Texas releases abortion booklet with debunked cancer link, suicide risk claim
AUSTIN, Texas - A Texas state agency has released a new edition of a booklet for women considering an abortion that suggests there may be a link between terminating pregnancies and increased risks of breast cancer and depression.
The Texas Department of State Health Services issued the new edition of “A Woman’s Right to Know” on Monday.
Since 2003, state law has mandated that pregnant women be provided information when mulling an abortion. The new edition of the booklet contains a section titled “Breast Cancer Risk,” despite numerous, peer-reviewed studies that have refuted links between abortion and breast cancer. The booklet also says women who terminate pregnancies can become suicidal and infertile.
The Supreme Court has struck down key provisions of Texas’ 2013 law placing some of the nation’s tightest restrictions on abortion.

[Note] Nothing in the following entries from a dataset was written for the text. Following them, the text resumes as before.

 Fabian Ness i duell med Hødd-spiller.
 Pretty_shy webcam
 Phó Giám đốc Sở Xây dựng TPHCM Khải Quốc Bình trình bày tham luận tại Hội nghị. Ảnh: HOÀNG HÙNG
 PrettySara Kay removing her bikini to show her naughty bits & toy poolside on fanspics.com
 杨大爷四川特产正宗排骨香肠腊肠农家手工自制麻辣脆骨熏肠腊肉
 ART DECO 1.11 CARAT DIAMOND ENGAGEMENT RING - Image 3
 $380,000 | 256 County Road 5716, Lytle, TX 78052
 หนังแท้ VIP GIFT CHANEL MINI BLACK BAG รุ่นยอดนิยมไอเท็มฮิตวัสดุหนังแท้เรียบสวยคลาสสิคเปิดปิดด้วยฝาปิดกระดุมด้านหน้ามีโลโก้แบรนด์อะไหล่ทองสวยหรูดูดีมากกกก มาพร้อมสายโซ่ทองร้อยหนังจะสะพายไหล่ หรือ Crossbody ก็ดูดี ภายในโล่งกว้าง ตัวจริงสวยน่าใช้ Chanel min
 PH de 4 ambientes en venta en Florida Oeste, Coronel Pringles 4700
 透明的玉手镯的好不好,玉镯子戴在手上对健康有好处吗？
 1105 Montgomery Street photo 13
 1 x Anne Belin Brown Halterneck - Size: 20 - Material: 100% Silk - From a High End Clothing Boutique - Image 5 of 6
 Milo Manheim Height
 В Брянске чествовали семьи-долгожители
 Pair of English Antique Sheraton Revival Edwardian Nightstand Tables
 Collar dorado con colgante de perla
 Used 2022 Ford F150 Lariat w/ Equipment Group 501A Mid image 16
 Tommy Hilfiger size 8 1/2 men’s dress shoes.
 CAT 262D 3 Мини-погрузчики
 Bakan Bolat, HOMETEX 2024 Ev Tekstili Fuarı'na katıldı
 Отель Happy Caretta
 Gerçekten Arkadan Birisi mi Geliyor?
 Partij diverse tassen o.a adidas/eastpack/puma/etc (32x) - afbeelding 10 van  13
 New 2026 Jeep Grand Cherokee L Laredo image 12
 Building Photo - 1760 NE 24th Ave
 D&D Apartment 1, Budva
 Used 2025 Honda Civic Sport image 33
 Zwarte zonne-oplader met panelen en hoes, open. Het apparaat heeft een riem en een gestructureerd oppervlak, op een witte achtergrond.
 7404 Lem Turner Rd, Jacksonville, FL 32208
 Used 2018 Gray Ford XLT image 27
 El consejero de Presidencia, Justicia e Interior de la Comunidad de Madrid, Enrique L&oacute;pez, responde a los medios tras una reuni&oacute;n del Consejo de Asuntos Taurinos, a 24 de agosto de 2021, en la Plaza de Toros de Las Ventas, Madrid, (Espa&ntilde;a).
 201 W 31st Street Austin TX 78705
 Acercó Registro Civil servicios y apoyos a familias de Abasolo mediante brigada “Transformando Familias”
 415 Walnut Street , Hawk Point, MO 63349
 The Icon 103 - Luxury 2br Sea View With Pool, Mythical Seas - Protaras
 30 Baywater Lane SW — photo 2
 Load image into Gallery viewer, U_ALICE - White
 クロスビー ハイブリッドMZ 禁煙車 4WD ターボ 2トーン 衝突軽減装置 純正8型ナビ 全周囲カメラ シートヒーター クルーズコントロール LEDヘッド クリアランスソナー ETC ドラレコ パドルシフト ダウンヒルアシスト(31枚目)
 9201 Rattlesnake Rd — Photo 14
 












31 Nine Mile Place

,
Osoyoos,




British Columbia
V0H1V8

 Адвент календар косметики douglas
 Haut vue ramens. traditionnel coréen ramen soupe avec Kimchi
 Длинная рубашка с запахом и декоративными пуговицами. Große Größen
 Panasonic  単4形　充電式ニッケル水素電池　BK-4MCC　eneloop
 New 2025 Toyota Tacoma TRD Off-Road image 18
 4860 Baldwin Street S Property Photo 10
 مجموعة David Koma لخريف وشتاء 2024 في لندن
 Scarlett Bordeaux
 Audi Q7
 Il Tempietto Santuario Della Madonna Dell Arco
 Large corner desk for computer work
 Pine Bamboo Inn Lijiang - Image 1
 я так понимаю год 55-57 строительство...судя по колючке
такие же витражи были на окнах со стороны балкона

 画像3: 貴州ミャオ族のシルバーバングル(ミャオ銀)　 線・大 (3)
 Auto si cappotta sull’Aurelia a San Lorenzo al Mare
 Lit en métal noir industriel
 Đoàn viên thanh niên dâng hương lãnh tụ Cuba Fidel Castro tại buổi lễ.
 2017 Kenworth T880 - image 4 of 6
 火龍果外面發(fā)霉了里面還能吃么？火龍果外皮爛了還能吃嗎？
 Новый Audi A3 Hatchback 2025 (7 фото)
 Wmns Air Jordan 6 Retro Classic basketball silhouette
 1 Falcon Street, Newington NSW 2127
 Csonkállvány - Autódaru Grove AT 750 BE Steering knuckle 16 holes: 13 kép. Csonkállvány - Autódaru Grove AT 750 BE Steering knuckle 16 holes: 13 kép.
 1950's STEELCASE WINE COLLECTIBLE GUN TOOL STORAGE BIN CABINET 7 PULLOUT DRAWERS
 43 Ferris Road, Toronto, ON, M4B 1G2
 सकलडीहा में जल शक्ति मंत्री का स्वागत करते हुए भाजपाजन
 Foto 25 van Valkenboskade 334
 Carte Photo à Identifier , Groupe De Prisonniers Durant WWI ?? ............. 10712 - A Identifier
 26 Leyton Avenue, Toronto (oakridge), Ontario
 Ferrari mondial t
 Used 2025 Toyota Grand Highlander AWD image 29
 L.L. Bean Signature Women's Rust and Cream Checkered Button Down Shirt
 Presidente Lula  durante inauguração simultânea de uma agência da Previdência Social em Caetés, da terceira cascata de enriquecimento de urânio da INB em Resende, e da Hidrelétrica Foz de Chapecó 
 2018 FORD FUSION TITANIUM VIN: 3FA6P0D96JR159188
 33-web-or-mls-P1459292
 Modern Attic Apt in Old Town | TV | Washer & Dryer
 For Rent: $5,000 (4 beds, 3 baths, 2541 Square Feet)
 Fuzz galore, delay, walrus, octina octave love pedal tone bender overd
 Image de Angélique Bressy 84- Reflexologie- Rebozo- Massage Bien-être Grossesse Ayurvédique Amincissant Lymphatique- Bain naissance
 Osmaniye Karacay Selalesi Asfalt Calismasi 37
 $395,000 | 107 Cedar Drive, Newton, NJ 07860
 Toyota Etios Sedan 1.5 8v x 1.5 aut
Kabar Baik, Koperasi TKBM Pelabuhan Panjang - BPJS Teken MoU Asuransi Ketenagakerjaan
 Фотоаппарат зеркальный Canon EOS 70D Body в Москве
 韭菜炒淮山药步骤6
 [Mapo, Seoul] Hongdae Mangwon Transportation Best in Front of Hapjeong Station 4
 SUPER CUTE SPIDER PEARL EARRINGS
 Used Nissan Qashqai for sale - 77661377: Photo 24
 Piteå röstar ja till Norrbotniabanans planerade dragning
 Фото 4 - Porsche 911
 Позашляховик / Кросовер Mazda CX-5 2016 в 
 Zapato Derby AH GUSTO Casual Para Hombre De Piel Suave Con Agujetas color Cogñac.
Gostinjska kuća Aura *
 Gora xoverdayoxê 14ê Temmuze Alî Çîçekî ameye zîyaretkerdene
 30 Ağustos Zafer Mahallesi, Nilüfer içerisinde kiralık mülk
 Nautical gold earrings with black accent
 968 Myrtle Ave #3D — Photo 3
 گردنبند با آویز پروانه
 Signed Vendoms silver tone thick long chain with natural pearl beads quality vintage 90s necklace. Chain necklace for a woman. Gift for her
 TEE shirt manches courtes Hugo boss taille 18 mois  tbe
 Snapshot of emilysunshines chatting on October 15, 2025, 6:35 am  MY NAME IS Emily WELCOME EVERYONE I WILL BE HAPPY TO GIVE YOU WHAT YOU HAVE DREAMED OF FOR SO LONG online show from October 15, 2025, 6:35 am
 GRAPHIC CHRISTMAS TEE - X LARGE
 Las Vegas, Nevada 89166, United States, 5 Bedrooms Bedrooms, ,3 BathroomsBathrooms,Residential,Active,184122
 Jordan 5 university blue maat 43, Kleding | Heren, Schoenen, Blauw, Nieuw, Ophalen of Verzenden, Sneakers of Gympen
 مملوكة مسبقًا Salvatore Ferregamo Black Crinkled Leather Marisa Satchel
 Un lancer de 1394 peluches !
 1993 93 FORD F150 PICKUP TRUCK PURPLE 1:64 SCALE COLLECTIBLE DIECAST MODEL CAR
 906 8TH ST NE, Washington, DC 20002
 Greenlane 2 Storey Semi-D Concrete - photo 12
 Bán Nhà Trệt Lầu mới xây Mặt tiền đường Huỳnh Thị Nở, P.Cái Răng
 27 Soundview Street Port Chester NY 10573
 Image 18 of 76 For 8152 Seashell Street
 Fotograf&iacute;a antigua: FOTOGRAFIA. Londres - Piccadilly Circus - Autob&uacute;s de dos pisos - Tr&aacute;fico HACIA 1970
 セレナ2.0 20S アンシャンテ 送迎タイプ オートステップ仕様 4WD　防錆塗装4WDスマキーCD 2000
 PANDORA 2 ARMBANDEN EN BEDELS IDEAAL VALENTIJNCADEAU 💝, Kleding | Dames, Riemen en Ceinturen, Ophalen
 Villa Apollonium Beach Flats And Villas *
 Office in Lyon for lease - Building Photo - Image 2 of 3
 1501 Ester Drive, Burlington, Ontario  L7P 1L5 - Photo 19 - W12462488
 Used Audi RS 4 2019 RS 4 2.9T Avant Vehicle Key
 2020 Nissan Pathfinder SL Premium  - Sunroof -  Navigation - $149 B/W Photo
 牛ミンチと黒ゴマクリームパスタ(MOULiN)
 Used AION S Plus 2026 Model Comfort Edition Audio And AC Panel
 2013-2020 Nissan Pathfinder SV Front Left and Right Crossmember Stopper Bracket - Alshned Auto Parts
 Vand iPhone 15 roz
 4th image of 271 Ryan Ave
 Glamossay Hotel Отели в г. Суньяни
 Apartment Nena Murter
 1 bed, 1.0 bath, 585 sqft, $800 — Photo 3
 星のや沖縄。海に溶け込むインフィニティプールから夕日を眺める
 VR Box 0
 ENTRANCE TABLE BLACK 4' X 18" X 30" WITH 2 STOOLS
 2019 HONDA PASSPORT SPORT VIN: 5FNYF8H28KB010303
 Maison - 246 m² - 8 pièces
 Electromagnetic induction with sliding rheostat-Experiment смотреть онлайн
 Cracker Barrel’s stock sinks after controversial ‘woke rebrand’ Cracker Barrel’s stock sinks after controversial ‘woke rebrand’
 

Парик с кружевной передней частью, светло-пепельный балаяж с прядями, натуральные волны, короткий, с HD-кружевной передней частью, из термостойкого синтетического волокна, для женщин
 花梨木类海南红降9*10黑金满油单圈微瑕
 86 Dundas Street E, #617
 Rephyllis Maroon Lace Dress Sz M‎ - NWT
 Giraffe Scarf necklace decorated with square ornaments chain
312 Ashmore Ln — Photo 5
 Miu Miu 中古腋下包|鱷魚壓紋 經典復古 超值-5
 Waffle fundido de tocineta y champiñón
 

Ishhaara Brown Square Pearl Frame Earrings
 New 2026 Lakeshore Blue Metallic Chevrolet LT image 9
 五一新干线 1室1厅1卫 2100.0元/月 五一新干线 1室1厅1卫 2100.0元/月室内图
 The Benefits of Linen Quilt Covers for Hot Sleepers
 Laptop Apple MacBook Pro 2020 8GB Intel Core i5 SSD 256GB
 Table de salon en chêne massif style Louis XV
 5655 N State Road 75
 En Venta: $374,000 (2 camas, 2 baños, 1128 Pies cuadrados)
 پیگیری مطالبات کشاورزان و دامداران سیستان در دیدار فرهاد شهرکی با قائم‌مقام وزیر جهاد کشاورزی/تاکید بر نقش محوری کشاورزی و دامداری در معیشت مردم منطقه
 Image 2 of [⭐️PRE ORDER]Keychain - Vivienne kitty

The booklet caused controversy when it was first announced in July. The Department of State Health Services said it would evaluate comments before publishing the final version. The agency said it would only consider comments on its revisions, not the booklet as a whole - and many of the most controversial sections aren’t new.
Unchanged in the latest version is language saying giving birth, rather than having an abortion, makes women “less likely to develop breast cancer in the future.”
“Research indicates that having an abortion will not provide you this increased protection against breast cancer,” it reads. But the American Cancer Society refutes that on its website, saying “scientific research studies have not found a cause-and-effect relationship between abortion and breast cancer.”
The booklet also says women can become depressed or have thoughts of suicide after an abortion.
It also says that “we know babies develop the ability to feel pain while in the womb,” and, in a section that’s new this year, adds the Republican-controlled Texas Legislature in 2013 banned abortion after 20 weeks due to “consideration of the potential for fetal pain.” Peer-reviewed medical studies say fetal pain is likely not felt until closer to 30 weeks into pregnancy.